## PROVIDED INFORMATION
Segment Open

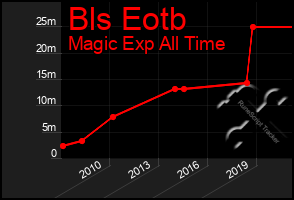 Total Graph of Bls Eotb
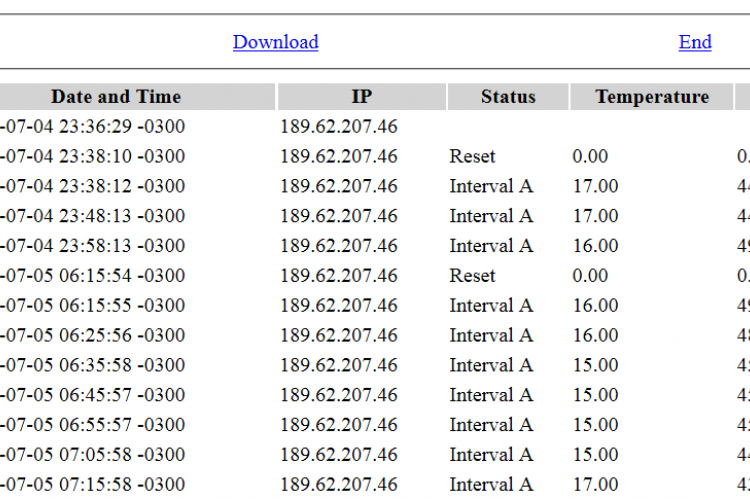 CSV to HTML script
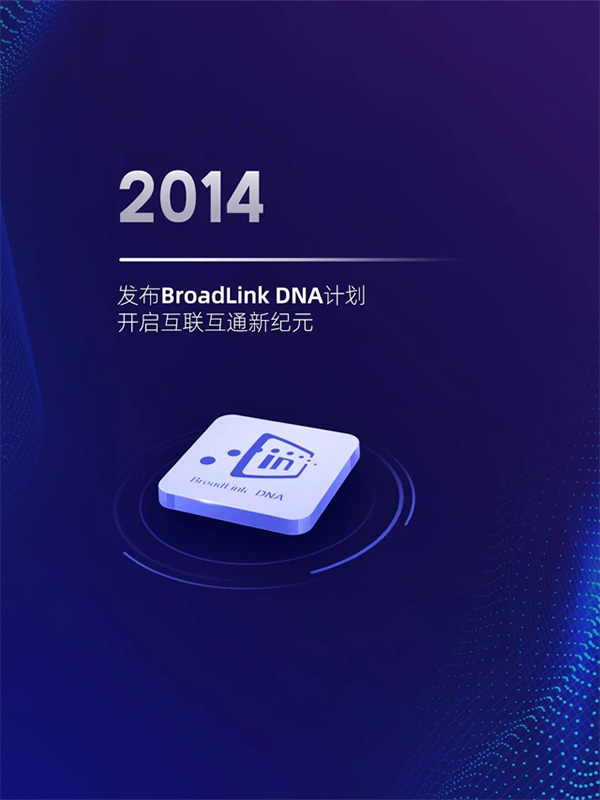 十年博聯，用「創新」寫故事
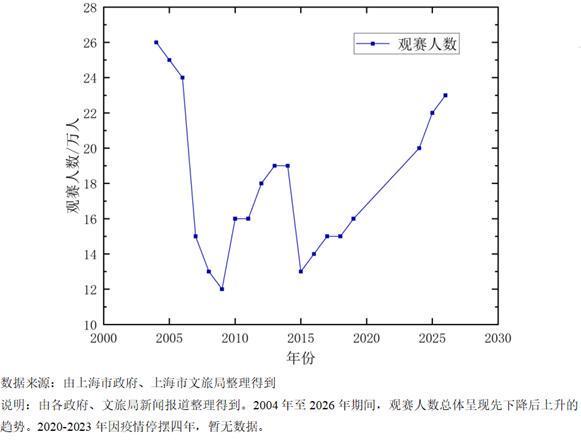 长三角议事厅·周报|F1二十年:赛事背后的城市账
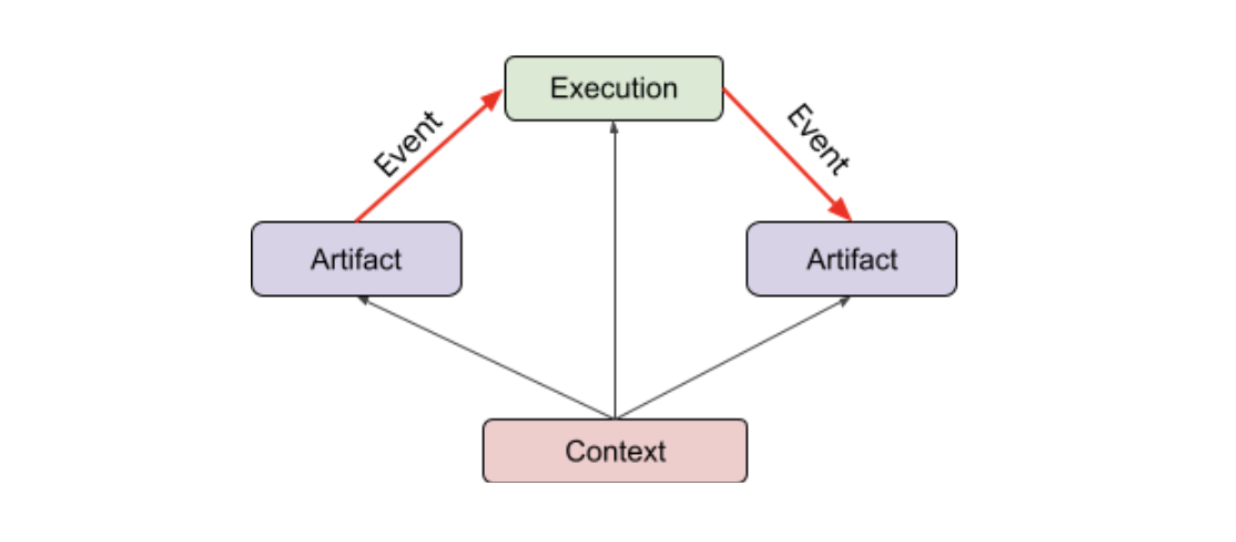 アーティファクト、実行、コンテキストが Vertex ML Metadata のグラフ データモデルにどのように統合されるかを示します。
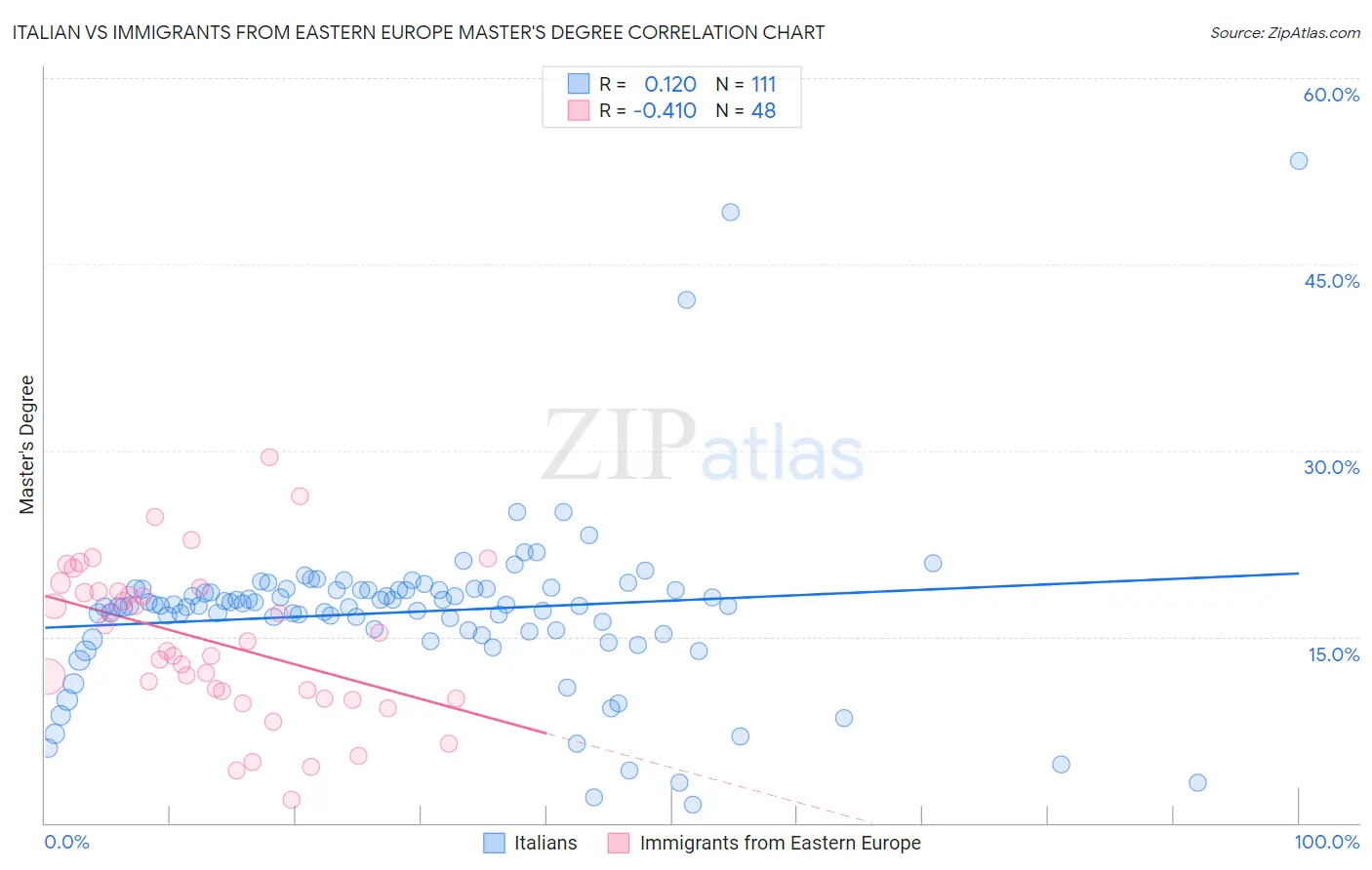 Italian vs Immigrants from Eastern Europe Master's Degree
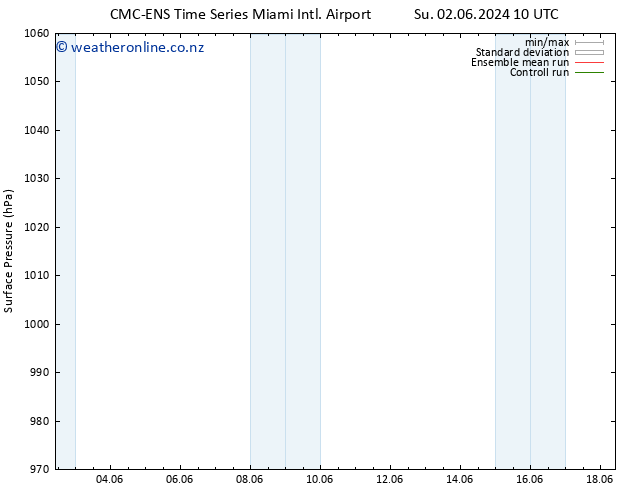 Surface pressure CMC TS Su 02.06.2024 10 UTC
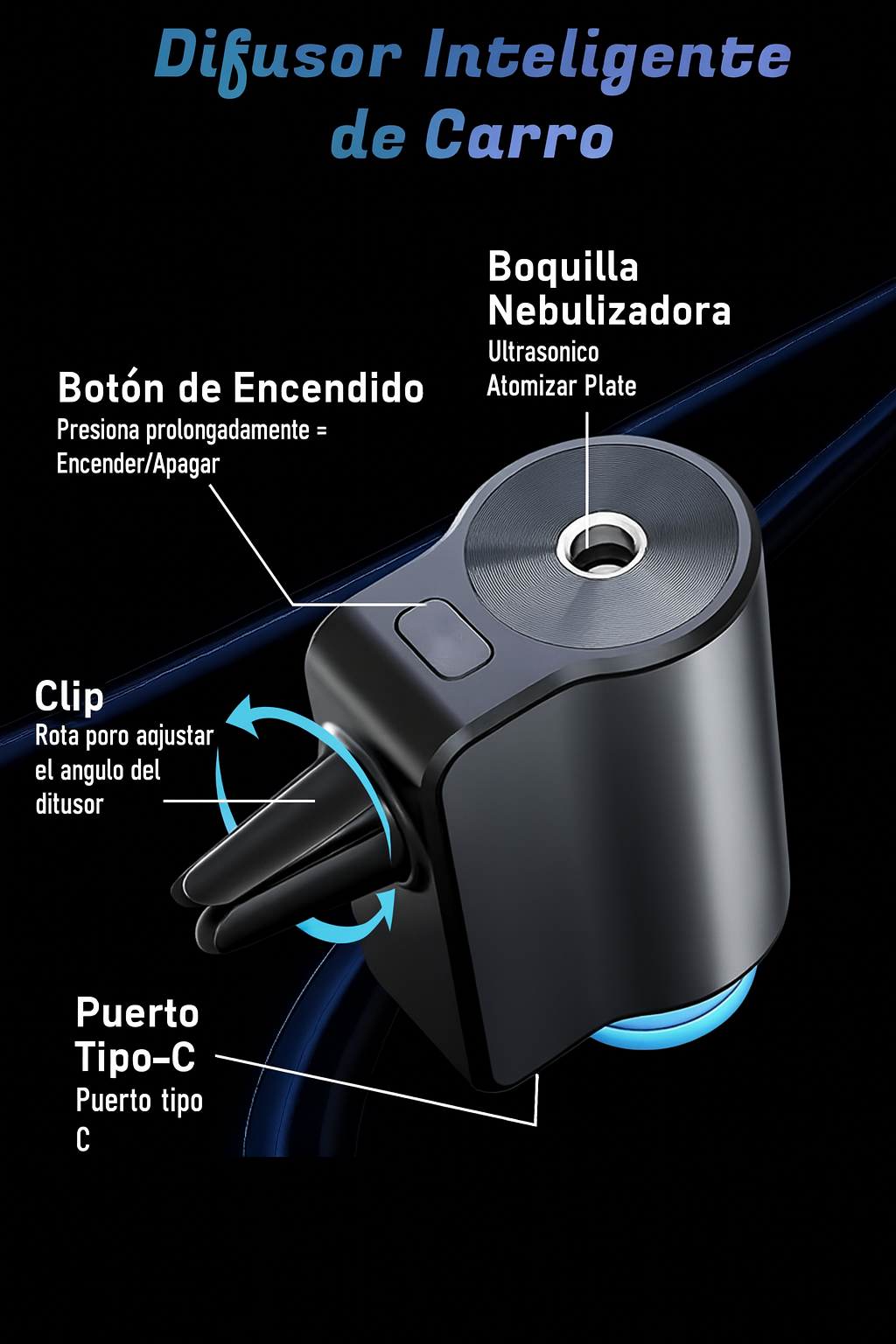 Difusor Inteligente para Carro con Luz LED y Aromatización Automática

Segment Closed

## TASK DESCRIPTION
The whole listing above is to be printed exactly; the pictures stay out.

## SOLUTION TO THIS TASK
 Total Graph of Bls Eotb
 CSV to HTML script
 十年博聯，用「創新」寫故事
 长三角议事厅·周报|F1二十年:赛事背后的城市账
 アーティファクト、実行、コンテキストが Vertex ML Metadata のグラフ データモデルにどのように統合されるかを示します。
 Italian vs Immigrants from Eastern Europe Master's Degree
 Surface pressure CMC TS Su 02.06.2024 10 UTC
 Difusor Inteligente para Carro con Luz LED y Aromatización Automática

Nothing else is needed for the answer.